Eine Stabsstelle Asyl

Zu seinen Leistungen gehört es auch, die Flüchtlingsarbeit professionalisiert zu haben. Im Landkreis München gibt es hierfür die eigens geschaffene Stabsstelle Asyl mit derzeit etwa 80 Mitarbeitern. Hier wird alles koordiniert, was im bevölkerungsreichsten Landkreis des Freistaats mit Schutzsuchenden zu tun hat - von der Unterbringung über die Arbeit der Helferkreise bis zur Jobsuche.

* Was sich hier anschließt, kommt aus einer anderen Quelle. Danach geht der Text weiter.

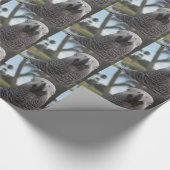 Afsluiting Afrikaanse grijze papegaai Cadeaupapier (Hoek)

Viele in der CSU fragen sich, ob einer wie Christoph Göbel in der Partei noch etwas anderes werden könnte. Auf Landesebene? Minister? Er selbst kann und will das nicht beantworten. "Ich werde mich nicht verbiegen lassen. Sonst könnte ich nicht mehr in den Spiegel schauen."